[EXTRACTED MATERIAL — start]

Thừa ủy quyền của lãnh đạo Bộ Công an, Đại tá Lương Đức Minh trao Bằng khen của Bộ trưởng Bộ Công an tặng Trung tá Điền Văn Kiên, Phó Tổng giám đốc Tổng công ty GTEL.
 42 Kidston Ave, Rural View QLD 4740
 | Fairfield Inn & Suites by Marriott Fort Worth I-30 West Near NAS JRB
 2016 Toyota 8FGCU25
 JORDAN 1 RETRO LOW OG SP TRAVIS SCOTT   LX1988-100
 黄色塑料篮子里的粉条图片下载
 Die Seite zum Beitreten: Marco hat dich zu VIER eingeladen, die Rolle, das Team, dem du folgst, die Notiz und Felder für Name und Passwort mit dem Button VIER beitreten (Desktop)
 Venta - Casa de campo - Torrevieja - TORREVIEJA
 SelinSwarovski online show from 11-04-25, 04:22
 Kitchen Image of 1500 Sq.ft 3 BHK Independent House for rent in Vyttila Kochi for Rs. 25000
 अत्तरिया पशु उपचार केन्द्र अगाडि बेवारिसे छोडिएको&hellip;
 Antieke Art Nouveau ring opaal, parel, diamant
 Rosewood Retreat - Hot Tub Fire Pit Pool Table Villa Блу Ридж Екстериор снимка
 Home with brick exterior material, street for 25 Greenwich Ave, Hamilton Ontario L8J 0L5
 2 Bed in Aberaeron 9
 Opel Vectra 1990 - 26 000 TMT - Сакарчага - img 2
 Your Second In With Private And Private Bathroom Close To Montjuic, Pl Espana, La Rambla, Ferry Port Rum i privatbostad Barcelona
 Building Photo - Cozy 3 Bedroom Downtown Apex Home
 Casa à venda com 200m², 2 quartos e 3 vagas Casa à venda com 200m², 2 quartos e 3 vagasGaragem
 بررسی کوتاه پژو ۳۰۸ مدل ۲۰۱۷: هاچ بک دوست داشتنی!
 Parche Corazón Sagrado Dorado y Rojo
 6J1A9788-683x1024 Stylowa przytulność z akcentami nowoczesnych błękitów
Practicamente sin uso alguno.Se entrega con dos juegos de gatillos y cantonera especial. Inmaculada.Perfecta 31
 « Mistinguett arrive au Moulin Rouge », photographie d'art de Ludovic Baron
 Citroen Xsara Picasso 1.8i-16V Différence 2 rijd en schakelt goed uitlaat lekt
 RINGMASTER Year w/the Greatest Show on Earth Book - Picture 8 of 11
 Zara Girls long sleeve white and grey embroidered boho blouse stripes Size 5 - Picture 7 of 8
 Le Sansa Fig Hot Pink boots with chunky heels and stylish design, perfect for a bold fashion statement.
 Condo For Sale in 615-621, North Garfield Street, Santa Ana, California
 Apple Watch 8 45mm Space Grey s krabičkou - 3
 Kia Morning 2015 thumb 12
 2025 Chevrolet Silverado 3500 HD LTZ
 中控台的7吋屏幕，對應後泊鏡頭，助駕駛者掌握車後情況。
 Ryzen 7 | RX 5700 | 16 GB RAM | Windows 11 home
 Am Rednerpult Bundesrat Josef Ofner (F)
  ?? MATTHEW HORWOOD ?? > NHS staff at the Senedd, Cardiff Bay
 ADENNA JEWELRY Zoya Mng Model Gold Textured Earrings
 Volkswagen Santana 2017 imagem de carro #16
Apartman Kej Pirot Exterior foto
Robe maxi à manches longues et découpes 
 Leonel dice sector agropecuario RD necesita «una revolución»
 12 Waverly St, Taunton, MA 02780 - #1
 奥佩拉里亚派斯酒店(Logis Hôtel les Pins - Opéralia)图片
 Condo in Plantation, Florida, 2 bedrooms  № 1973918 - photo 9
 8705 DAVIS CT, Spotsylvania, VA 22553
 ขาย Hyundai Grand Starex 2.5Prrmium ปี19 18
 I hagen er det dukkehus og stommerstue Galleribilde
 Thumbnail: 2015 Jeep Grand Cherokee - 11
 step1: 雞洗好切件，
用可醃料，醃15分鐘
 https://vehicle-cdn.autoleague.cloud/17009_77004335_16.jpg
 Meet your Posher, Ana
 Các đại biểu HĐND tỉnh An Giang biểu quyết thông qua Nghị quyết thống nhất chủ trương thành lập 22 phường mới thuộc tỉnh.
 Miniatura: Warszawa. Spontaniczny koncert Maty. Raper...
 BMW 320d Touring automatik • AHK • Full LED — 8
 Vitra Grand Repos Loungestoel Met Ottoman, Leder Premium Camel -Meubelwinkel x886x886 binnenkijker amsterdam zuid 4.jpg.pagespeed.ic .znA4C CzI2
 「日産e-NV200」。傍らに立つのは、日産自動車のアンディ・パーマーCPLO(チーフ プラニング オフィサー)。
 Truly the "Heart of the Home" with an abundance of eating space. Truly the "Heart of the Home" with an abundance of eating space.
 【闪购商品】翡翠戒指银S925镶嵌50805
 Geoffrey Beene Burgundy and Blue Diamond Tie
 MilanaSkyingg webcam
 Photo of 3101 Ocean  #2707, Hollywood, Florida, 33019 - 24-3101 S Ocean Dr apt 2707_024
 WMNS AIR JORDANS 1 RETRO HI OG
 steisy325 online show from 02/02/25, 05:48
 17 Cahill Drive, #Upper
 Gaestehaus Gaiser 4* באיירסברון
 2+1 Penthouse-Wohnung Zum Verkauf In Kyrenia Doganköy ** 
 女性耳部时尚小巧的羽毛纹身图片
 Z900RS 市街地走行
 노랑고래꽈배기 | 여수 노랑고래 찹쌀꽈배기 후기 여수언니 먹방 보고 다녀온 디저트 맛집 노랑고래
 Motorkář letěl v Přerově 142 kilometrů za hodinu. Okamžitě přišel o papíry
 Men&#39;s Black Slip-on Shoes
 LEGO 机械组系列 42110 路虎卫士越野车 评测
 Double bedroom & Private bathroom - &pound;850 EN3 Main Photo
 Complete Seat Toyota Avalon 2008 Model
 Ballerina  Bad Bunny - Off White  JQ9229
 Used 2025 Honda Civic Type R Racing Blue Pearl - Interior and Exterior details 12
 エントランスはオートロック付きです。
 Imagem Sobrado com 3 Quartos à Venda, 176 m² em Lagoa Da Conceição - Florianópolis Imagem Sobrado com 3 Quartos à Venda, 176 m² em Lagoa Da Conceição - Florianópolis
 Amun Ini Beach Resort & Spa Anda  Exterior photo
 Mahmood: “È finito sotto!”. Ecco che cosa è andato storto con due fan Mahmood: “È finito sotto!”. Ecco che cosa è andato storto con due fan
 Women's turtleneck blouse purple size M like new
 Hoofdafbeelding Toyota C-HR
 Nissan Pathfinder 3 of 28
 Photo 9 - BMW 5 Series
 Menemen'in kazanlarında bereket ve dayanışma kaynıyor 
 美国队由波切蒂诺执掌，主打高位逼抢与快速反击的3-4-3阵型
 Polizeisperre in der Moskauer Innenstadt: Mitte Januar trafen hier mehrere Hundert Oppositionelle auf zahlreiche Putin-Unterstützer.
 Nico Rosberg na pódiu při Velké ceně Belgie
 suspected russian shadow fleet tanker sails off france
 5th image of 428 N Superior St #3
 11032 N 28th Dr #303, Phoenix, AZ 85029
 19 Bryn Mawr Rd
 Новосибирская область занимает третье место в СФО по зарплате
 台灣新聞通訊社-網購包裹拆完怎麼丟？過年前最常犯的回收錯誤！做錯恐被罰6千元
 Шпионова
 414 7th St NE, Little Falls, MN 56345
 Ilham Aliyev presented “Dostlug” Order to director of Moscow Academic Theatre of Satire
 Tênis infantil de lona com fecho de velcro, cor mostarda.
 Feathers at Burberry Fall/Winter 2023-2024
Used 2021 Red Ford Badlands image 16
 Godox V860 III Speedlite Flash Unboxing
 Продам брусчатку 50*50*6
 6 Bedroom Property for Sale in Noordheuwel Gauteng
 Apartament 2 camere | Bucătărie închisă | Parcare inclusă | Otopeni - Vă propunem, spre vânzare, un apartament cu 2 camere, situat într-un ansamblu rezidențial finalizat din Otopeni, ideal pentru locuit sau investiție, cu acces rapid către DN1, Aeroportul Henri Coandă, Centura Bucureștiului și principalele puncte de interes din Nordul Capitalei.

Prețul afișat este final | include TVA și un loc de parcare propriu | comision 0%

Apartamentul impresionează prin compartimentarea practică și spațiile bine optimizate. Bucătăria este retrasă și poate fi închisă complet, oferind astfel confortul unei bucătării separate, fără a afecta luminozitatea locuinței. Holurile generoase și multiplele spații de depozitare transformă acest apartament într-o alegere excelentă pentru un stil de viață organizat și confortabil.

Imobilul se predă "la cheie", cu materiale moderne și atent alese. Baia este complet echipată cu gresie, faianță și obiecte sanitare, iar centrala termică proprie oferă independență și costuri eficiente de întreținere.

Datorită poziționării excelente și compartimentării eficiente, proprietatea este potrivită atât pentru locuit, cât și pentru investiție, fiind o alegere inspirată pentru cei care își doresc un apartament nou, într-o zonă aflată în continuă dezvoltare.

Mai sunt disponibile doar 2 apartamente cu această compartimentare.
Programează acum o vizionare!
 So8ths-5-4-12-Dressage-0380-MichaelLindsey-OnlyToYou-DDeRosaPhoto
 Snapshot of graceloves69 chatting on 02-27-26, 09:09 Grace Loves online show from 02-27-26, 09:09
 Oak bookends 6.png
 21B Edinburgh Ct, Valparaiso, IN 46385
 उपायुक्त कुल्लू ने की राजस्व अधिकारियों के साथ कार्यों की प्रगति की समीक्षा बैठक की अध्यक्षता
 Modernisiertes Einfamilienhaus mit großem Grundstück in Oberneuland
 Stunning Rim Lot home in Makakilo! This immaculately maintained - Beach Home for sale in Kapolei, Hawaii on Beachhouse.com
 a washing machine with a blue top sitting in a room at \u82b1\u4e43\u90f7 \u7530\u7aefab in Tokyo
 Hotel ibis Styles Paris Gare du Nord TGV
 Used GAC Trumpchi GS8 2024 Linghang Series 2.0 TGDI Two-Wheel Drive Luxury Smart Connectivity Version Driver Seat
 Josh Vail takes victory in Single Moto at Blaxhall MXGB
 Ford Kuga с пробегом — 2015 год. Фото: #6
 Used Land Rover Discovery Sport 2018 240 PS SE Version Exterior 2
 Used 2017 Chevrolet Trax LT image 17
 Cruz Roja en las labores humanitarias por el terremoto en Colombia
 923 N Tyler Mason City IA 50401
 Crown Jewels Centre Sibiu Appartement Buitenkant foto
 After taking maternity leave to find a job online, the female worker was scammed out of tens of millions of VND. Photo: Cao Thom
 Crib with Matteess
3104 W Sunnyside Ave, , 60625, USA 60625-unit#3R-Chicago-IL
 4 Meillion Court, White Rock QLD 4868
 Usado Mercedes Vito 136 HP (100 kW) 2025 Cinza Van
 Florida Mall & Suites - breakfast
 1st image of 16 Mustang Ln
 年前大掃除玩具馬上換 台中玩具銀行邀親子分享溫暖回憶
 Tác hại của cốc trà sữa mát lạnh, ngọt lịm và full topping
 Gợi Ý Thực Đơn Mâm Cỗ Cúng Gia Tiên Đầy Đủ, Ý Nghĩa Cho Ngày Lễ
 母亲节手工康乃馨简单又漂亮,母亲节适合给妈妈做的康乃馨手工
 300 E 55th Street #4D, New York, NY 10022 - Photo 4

[EXTRACTED MATERIAL — finish]

DIRECTIONS FOR THIS TASK - What is needed is a verbatim copy of every line in the records above from the one containing "2 Bed in Aberaeron 9" down to the one containing "6J1A9788-683x1024 Stylowa przytulność", both included, and nothing more.

EXPECTED OUTPUT -
 2 Bed in Aberaeron 9
 Opel Vectra 1990 - 26 000 TMT - Сакарчага - img 2
 Your Second In With Private And Private Bathroom Close To Montjuic, Pl Espana, La Rambla, Ferry Port Rum i privatbostad Barcelona
 Building Photo - Cozy 3 Bedroom Downtown Apex Home
 Casa à venda com 200m², 2 quartos e 3 vagas Casa à venda com 200m², 2 quartos e 3 vagasGaragem
 بررسی کوتاه پژو ۳۰۸ مدل ۲۰۱۷: هاچ بک دوست داشتنی!
 Parche Corazón Sagrado Dorado y Rojo
 6J1A9788-683x1024 Stylowa przytulność z akcentami nowoczesnych błękitów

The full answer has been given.